To Google, the most widely used search engine in the world, your keywords are your identity. Your company name, the names of your directors, and the list of important words it can glean by spidering your site define you. If Google can’t figure out who you are, then no one can find you online… and that will almost certainly be catastrophic to your business.
When someone is searching for you online they are almost always a customer. It is rare that you search for a business that you aren’t considering working with, or try to find a product you aren’t thinking of buying. This means that being found is a key step to closing a sale online.
Not all keywords are created equal. You want to choose the keywords that are:
- Most important to your customers
- Allow you to be found by those most likely to buy
- Ensure that those who already know you or your business can find you easily
If there are thousands of plumbers in London, how can you differentiate your plumbing business online so it is found first by most searchers. You choose the right keywords, buy the right domain, and build your site around what you know is most important to your target market.

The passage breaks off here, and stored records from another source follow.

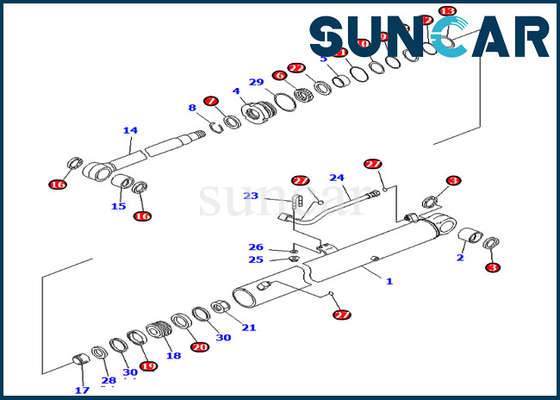 PC70-8 Komatsu 707-99-36710 7079936710 Bom Hidrolik Silindir Conta Takımı Değiştirme Kitleri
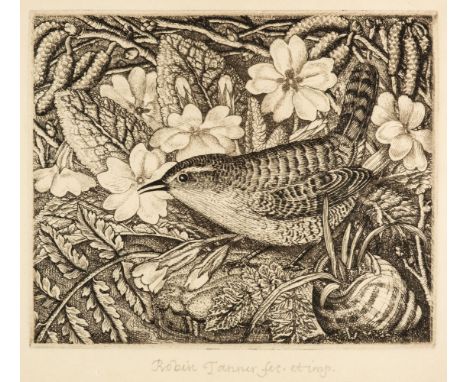 ARR * Tanner (Robin, 1904-1988). Wren and Primroses, 1935, etching on pale cream wove paper, watermarked Green &amp; Son, sig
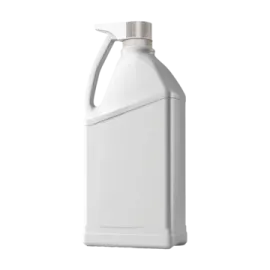 a white plastic bottle with a silver cap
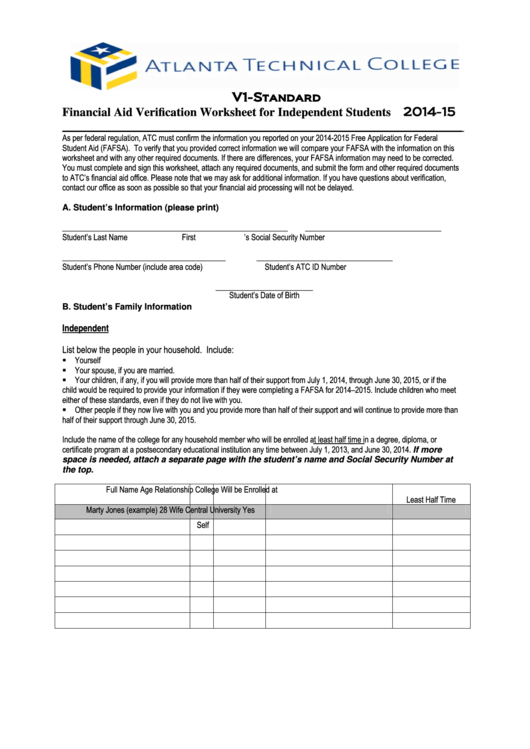 V1-Standard Financial Aid Verification Worksheet For Independent Students Printable pdf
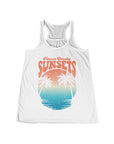 CHASING SUNSET Women's Flowy Racerback Tank White Tank Top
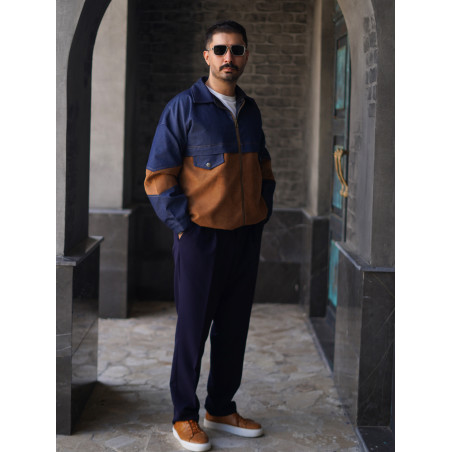 شلوار مردانه سرمه ای کمر انگلیسی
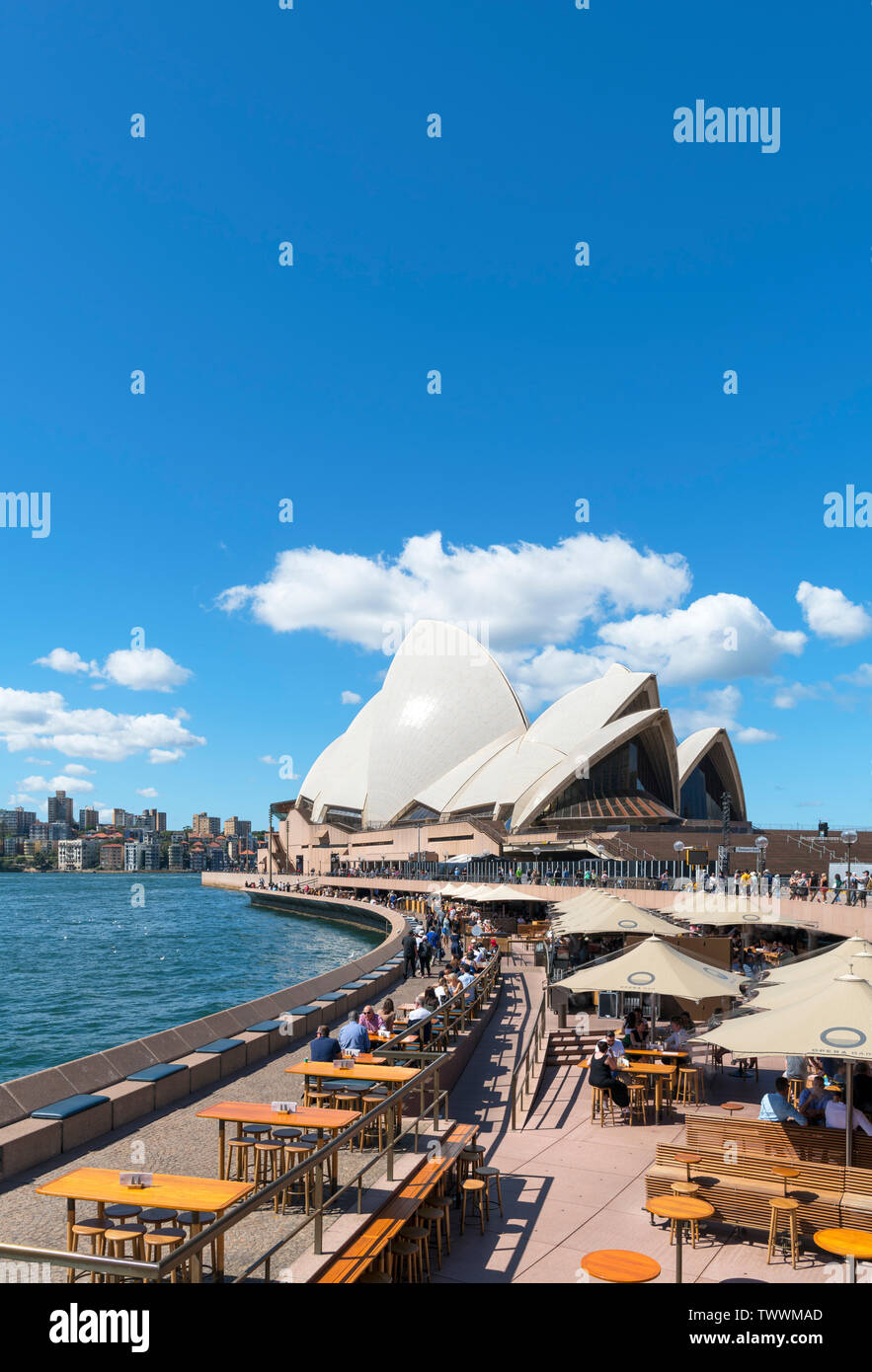 La Ópera Bar terrazas delante de la Sydney Opera House, Bennelong Point, Sydney, Australia. Foto de stock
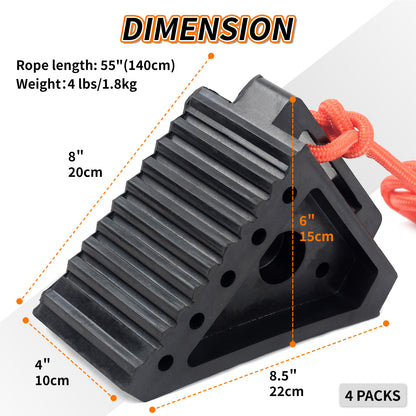 Premium Rubber Wheel Chock with Carry Handle, Solid RV Tire Chock for Camper, 8.5" x 4" x 6"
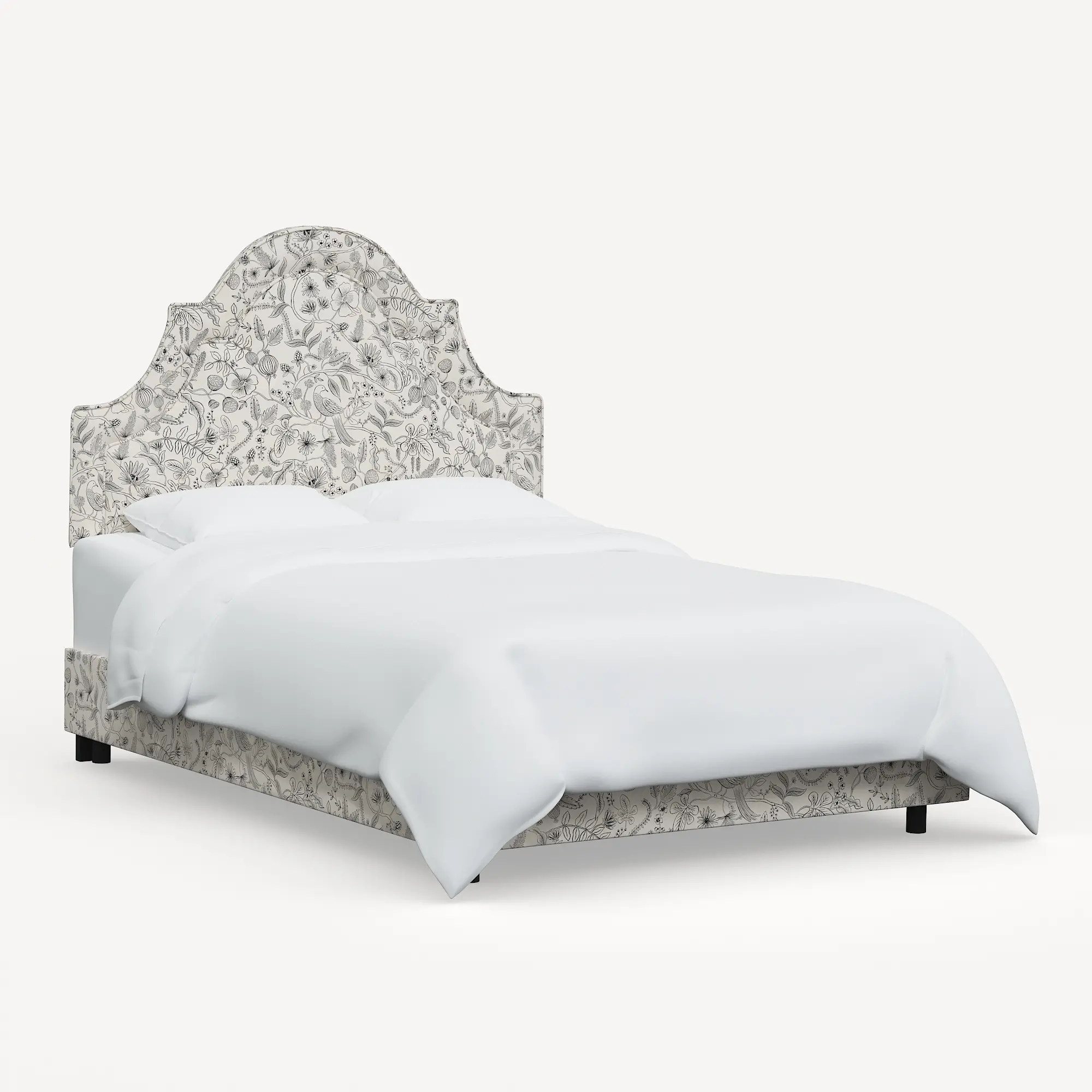 182BEDRPCAVBLKCRMLCB Rifle Paper Co Marion Aviary Cream & Black Queen Bed-2
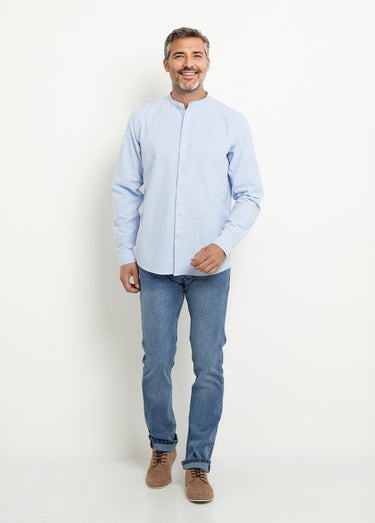 Chemise coton col officier manches longues Bleu Ciel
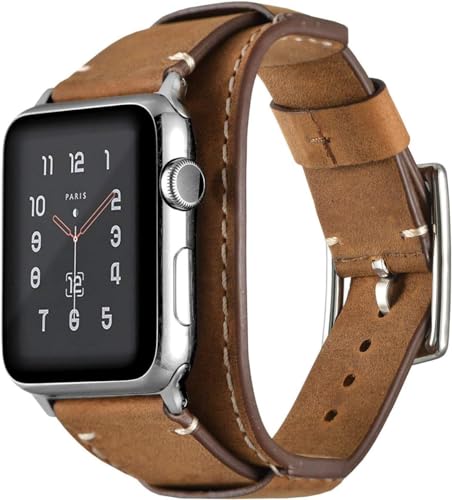 Bracelet Apple Watch cuir véritable résistant pour éviter les irritations de peau 44mm - 2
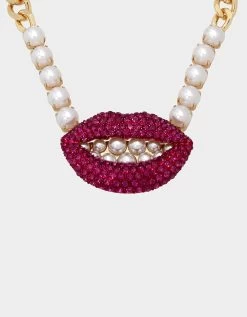 MIDNIGHT GARDEN SHORT LIP NECKLACE PINK -Betsey Johnson 452764GLD651 2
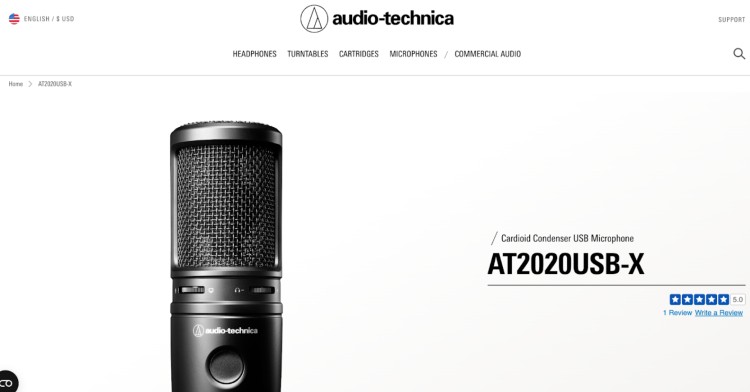 Audio-Technica AT2020USB-X microphone displayed on product page with minimal white background.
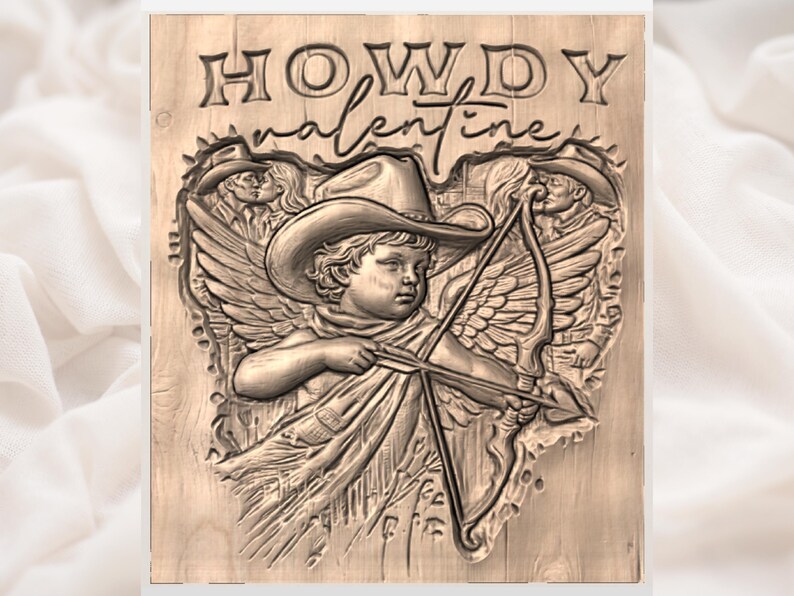 Howdy Valentine Cupid Cowboy 3D Relief STL view 3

There are a wide variety of tools online, many created by Google, that will help you to find out what your customers are searching for. You can use them to understand when they look for you, why they look for you, and what they want you to deliver when they finally find you. This kind of insight into your consumer behaviour is the kind of thing large companies used to try to and capture with focus groups. This kind of insight is now available to you online if you know how to find it. You can discover what your customer is looking for when they search for you. You can discover what kind of promise they want.
“One of the most important things you can learn from this bootcamp is that the entire Internet is a database.”
Data goes into the database day in and day out. You can query that database and you can use the information you discover to funnel customers to your business. It is a cognitive shift you must make to thrive on and off line.
You can’t really change what customers want in the aggregate. You can’t correct their behaviour and make them search more rationally, buy more cleverly, choose more wisely. But you can learn to understand their behaviour better, and communicate with them more effectively.
Small business can punch through the web to their customers with tight targeting of their keywords, and by shaping their appeal to give customers what they think they want.